Provided material
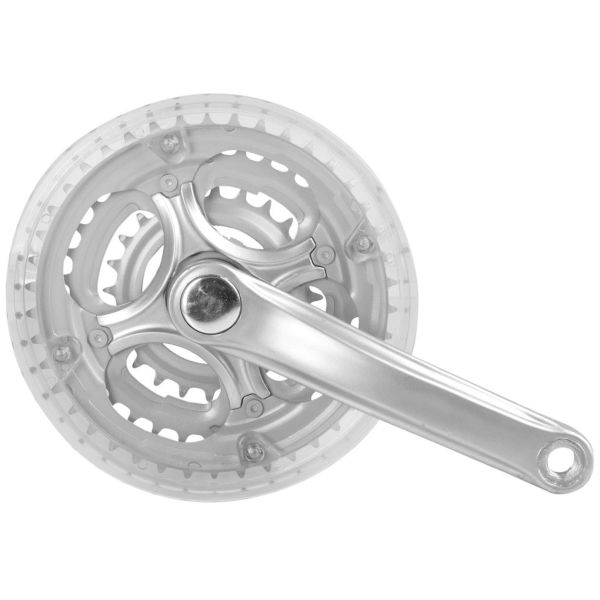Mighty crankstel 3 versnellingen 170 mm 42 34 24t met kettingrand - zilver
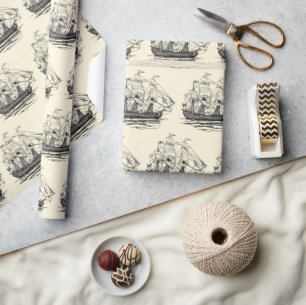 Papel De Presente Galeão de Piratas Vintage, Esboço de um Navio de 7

--

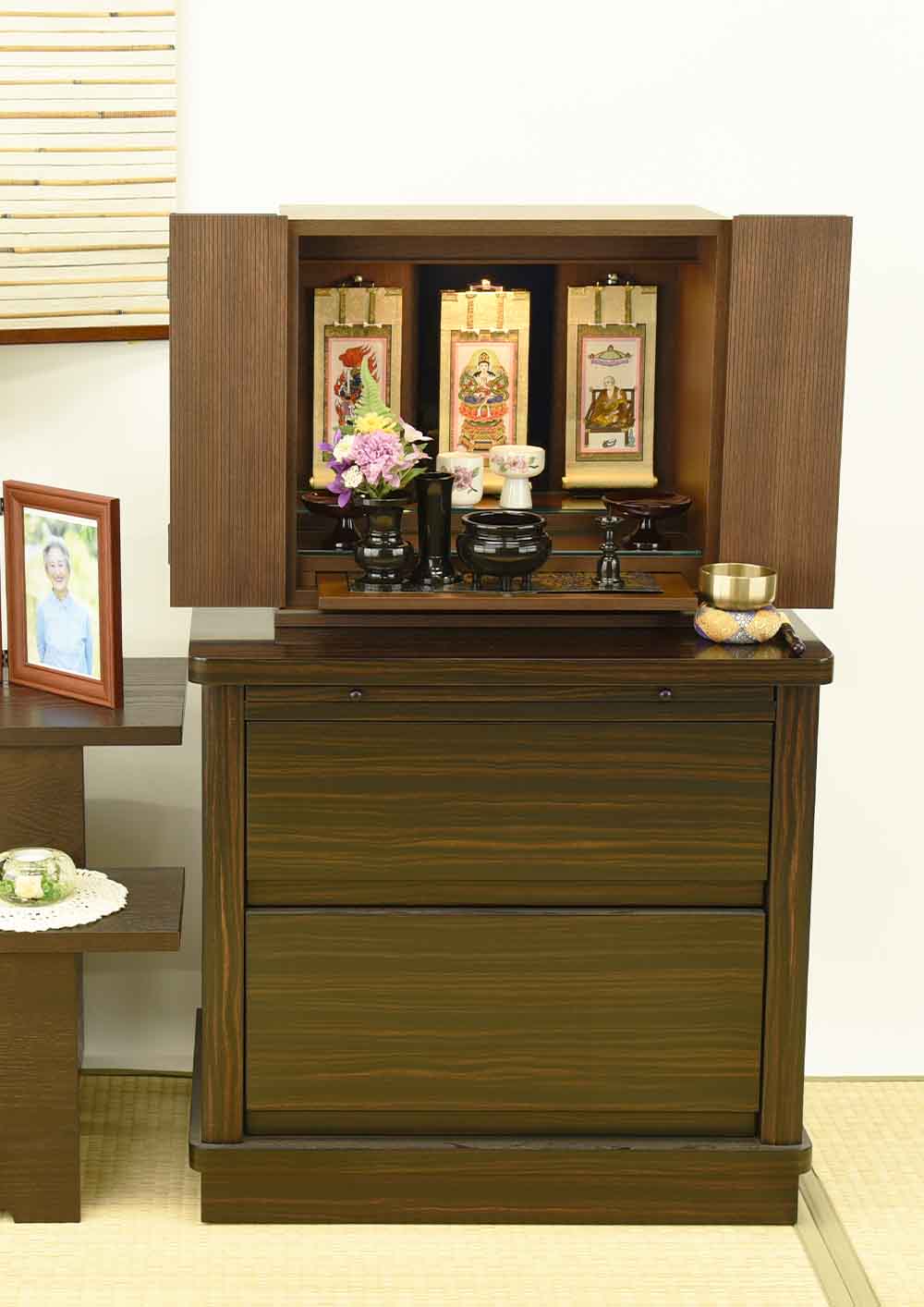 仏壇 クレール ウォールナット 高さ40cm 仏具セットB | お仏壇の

---

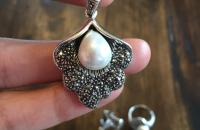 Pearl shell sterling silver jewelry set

What the task requires
Your answer should consist of the lines above between those holding "Mighty crankstel 3" and "Papel De Presente", inclusive, reproduced word for word and without pictures.

Output for this task
Mighty crankstel 3 versnellingen 170 mm 42 34 24t met kettingrand - zilver
 Papel De Presente Galeão de Piratas Vintage, Esboço de um Navio de 7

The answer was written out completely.